Après la loi de 2007, après l’instauration du service minimum dans les écoles, après l’accord national interprofessionnel retranscrit dans la loi de sécurisation de l’emploi, nous avons affaire à une proposition de loi qui poursuit l’oeuvre de réduction des droits des salariés et de leurs représentants tout autant que du droit constitutionnel de grève. L’article 1er prévoit qu’un préavis de grève ne peut être déposé qu’après concertation ; or, comme vous le savez, ce sont souvent les employeurs, quelle que soit la branche d’activité, qui refusent la négociation et celle-ci ne s’ouvre souvent qu’après un déclenchement de mobilisation. Au lieu de stigmatiser les syndicats et les salariés, pourquoi ne pas faire une autre lecture du dialogue social ? En donnant, par exemple, plus de droits aux salariés dans l’entreprise, comme nous le proposons, avec une véritable représentation de ceux-ci au sein des conseils d’administration. Qui penserait ici, ne serait-ce qu’une seconde, que les salariés font grève par plaisir ? Qu’ils perdent des journées de salaire sans conséquences, alors qu’elles sont souvent lourdes pour eux-mêmes et leurs familles ?

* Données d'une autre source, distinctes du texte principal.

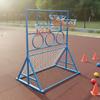 Multi Sport Game Stand 3-in-1 Sports Activity Center Outdoor for Playground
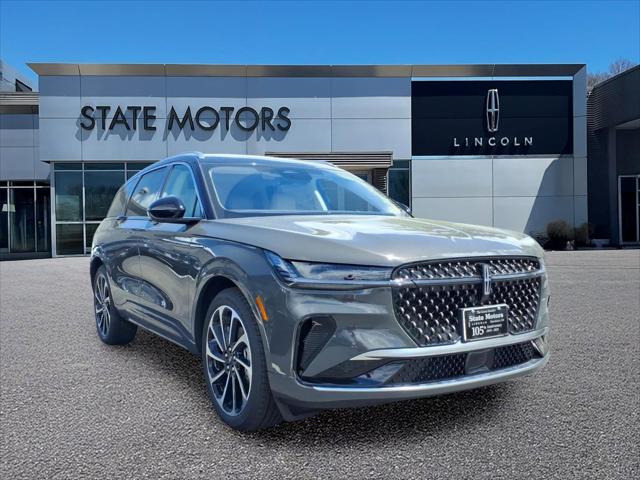 2026 Lincoln Nautilus Black Label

L’article 2, qui reprend des dispositions déjà connues, propose un arsenal d’obligations pour les salariés mais également des sanctions individuelles pour celles et ceux qui n’auraient pas fait connaître leur intention de participer à la grève au moins vingt-quatre heures à l’avance. Il introduit une notion particulièrement dangereuse puisque « le niveau minimal de service doit permettre d’éviter que soit portée une atteinte disproportionnée à la liberté d’aller et venir, à la liberté d’accès au service public […] ».
Qui va définir la notion d’atteinte disproportionnée ? Si ce sont les mêmes qui ne supportent pas qu’un seul salarié puisse utiliser son droit de grève, je crains que l’atteinte soit en effet vite disproportionnée !
Je pourrais décliner l’ensemble du texte de la même manière tant est manifeste la volonté de stigmatiser et de montrer du doigt ce droit dont bénéficie les salariés et qu’ils ont obtenu au prix de leurs luttes. Permettez-moi tout de même de mentionner encore l’alinéa 25 de l’article 2 qui dispose qu’« en cas de perturbation du trafic, tout usager a le droit de bénéficier d’une information gratuite, précise et fiable sur le service assuré […] ».